WHAT THE EXERCISE ASKS
Copy, word for word, each line of the data below from the first through the line containing "Nobel Reality Beyond", and stop there.

[Items from a dataset]
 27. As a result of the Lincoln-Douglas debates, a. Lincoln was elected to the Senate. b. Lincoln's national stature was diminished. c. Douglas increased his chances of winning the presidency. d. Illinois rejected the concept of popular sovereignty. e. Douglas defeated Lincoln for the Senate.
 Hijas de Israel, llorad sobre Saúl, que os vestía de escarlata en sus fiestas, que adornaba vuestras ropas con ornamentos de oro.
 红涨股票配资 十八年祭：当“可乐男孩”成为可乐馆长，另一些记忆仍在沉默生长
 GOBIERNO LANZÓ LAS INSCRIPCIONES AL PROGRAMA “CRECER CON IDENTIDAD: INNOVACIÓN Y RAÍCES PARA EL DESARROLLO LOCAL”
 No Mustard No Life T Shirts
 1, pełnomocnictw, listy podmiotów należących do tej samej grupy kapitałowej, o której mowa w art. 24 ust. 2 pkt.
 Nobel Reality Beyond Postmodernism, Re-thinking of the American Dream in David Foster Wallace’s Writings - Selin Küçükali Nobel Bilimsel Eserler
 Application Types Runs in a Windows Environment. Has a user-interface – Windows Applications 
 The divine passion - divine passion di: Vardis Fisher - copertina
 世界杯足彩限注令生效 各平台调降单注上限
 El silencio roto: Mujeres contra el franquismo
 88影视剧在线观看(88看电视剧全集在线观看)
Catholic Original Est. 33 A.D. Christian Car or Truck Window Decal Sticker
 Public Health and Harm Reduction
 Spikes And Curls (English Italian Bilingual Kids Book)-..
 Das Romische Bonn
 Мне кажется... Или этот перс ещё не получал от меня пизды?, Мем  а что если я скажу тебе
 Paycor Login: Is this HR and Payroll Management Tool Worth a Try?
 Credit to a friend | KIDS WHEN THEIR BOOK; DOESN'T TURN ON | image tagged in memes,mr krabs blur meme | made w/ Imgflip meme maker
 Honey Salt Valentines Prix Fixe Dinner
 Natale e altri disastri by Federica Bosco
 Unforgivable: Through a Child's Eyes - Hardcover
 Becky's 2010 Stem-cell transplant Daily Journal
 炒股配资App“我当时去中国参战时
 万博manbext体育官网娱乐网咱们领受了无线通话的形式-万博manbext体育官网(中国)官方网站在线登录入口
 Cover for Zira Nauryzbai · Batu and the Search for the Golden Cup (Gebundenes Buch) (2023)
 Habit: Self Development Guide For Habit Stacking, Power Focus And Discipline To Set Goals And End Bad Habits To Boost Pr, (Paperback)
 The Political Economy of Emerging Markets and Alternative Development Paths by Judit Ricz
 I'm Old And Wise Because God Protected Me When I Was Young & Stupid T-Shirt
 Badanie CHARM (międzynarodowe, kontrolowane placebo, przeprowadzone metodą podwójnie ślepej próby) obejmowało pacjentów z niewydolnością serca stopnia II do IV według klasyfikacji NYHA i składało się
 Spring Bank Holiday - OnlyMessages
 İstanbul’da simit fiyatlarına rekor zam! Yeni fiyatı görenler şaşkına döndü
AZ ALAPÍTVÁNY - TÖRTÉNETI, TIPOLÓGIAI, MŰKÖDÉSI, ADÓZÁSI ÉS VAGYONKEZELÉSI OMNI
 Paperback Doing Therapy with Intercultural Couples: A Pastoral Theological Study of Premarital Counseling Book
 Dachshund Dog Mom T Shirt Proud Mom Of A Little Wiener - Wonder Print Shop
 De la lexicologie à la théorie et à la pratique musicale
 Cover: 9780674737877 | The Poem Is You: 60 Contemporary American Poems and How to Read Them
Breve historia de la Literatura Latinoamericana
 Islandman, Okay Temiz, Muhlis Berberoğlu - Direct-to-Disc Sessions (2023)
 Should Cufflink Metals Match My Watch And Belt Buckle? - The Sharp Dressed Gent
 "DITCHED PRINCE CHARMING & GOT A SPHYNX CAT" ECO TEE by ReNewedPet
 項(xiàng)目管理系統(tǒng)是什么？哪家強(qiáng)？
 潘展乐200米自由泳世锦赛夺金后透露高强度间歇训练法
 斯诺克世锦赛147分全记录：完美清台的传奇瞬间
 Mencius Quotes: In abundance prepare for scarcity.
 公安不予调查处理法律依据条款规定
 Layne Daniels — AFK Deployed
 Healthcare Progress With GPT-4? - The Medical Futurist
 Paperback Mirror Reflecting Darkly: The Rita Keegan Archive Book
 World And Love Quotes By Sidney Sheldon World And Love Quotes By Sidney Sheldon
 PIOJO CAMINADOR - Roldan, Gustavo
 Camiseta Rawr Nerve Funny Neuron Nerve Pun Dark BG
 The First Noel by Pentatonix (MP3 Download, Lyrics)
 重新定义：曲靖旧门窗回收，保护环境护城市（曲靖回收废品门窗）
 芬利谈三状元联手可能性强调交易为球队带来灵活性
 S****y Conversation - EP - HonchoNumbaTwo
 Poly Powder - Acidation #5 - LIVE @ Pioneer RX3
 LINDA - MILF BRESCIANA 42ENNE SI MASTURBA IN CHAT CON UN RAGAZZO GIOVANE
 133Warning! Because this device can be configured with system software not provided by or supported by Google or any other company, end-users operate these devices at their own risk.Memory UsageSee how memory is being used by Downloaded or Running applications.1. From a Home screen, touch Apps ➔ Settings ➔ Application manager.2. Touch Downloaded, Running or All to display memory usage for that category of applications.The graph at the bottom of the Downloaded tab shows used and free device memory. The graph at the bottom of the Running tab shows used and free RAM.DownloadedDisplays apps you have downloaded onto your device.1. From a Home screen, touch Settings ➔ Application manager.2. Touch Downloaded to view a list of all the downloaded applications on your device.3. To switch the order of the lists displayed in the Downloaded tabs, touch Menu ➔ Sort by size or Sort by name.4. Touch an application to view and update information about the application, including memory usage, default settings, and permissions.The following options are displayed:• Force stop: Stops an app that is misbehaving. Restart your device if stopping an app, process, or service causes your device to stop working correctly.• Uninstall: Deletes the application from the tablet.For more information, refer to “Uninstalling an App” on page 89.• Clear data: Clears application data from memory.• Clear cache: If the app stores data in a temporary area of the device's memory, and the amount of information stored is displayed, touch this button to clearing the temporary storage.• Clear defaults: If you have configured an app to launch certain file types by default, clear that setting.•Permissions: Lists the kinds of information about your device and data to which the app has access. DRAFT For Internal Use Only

TASK SOLUTION
 27. As a result of the Lincoln-Douglas debates, a. Lincoln was elected to the Senate. b. Lincoln's national stature was diminished. c. Douglas increased his chances of winning the presidency. d. Illinois rejected the concept of popular sovereignty. e. Douglas defeated Lincoln for the Senate.
 Hijas de Israel, llorad sobre Saúl, que os vestía de escarlata en sus fiestas, que adornaba vuestras ropas con ornamentos de oro.
 红涨股票配资 十八年祭：当“可乐男孩”成为可乐馆长，另一些记忆仍在沉默生长
 GOBIERNO LANZÓ LAS INSCRIPCIONES AL PROGRAMA “CRECER CON IDENTIDAD: INNOVACIÓN Y RAÍCES PARA EL DESARROLLO LOCAL”
 No Mustard No Life T Shirts
 1, pełnomocnictw, listy podmiotów należących do tej samej grupy kapitałowej, o której mowa w art. 24 ust. 2 pkt.
 Nobel Reality Beyond Postmodernism, Re-thinking of the American Dream in David Foster Wallace’s Writings - Selin Küçükali Nobel Bilimsel Eserler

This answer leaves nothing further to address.